In the video posted online, al Qaeda chief Ayman al Zawahri promised to spread Islamic rule and "raise the flag of jihad" across the "Indian subcontinent". The 55-minute video which announces the creation of the group called "Qaedat al-Jihad in the Indian Subcontinent" was posted on social media outlets including You Tube.
The government believes the video is authentic; it has asked the Intelligence Bureau (IB) to verify details like where the video was uploaded within a day or two.
In it, Zawahiri singles out Assam, Gujarat and Kashmir -- states with large Muslim populations -- along with Bangladesh and Myanmar, as territories targeted by the new organization.
The video speech makes two references to Gujarat, the home state of Prime Minister Narendra Modi, long considered a target for Islamist militant groups because of the communal riots which took place during his first term as chief minister of the state in 2002. More than 1,000 people, mainly Muslims, were killed.
"In the wake of this al Qaeda video, we will be on a higher alert. We will work closely with the central government to tackle any threat posed to the state," SK Nanda, the most senior bureaucrat in the home department of Gujarat, told news agency Reuters. A high security alert in the state involves activating informer networks in sensitive areas.
The timing and content of the video suggests rivalry between al Qaeda and its more vigorous rival in Syria and Iraq, Islamic State, which anecdotal evidence suggests is gathering support in South Asia.

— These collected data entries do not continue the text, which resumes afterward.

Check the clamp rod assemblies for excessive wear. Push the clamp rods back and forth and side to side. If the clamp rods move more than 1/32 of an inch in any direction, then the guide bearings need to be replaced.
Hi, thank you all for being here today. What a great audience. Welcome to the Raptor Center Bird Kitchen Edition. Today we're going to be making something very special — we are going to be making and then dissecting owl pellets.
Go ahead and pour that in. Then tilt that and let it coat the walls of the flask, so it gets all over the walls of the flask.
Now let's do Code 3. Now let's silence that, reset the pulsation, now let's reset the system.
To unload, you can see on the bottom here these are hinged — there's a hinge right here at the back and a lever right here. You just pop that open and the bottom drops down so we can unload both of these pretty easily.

Intelligence officials say that in recent months, there have been reports that some members of the Indian Mujahideen, who are based in Pakistan, are now showing signs of breaking away from Mujahideen and are affiliating with Al Qaida.

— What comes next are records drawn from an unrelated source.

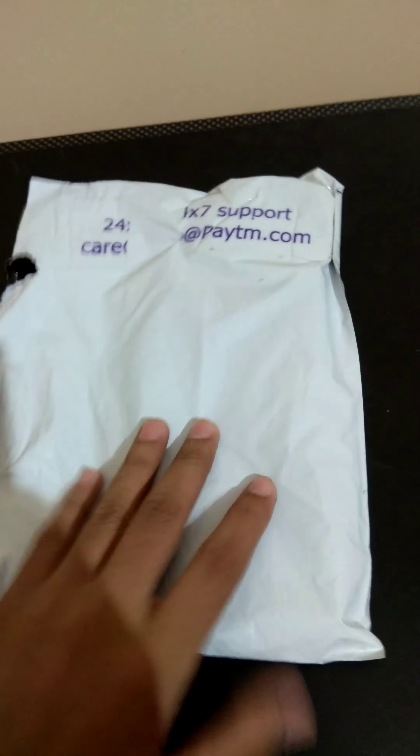Hey there, this is The How To. Today I have brought a new cover for my Redmi Note 4. I brought this from Paytm.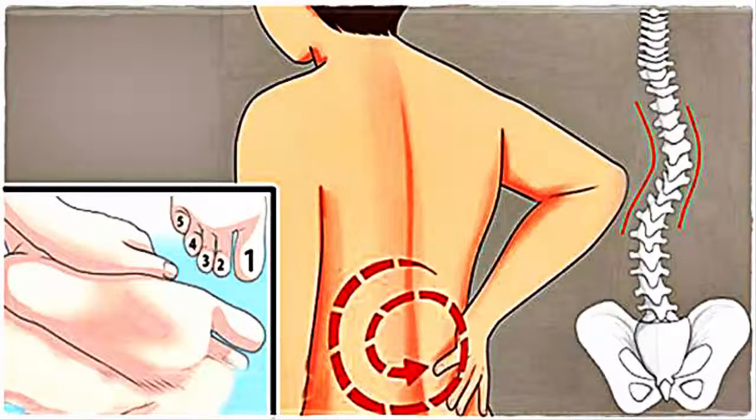Our feet are the essential support system for our body, handling all our weight all the time. Our gait — the system which defines the way we walk — has feet at its core as its starting point. We need to pay attention and take care of our feet, as it goes a long way in preventing pain in the hips, knees, or back region.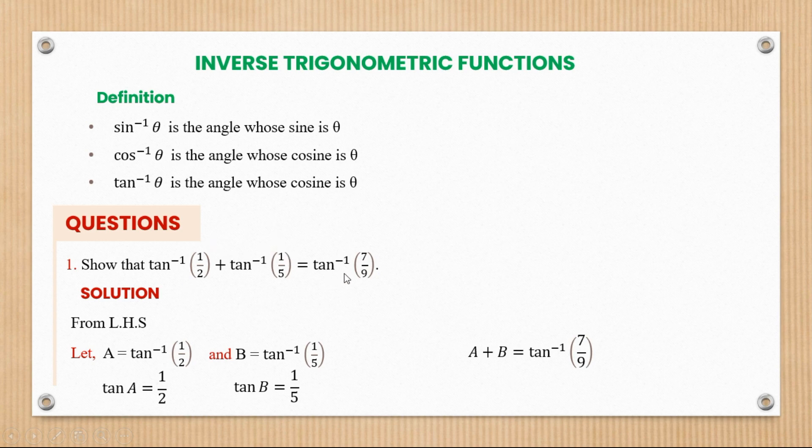Now we can see that a plus b is equal to tan inverse of seven over nine. Bringing the tan to this side, we have tan of (a+b) equal to seven over nine. The reason for setting this up this way is to see clearly what direction we need to go — since the value we need to prove is tan inverse of seven over nine, what we actually have to prove is that tan(a+b) equals seven over nine.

Mujahideen founder Yasin Bhatkal, who was arrested last year by India, has allegedly confirmed this to interrogators.
The Indian Mujahideen was launched in India by the Pakistani terror group Lashkar-e-Taiba and is responsible for some of the worst recent terror attacks in recent years in the country.
A recently-released video by this breakway group of the Mujahideen shows one of its leaders, Sheikh Armar, originally from Hyderabad, talking about fighters being trained in Afghanistan and then being sent to India.
New Delhi: The union government has ordered several states to be on increased alert after al Qaeda announced it has formed a wing in India and its neighbourhood.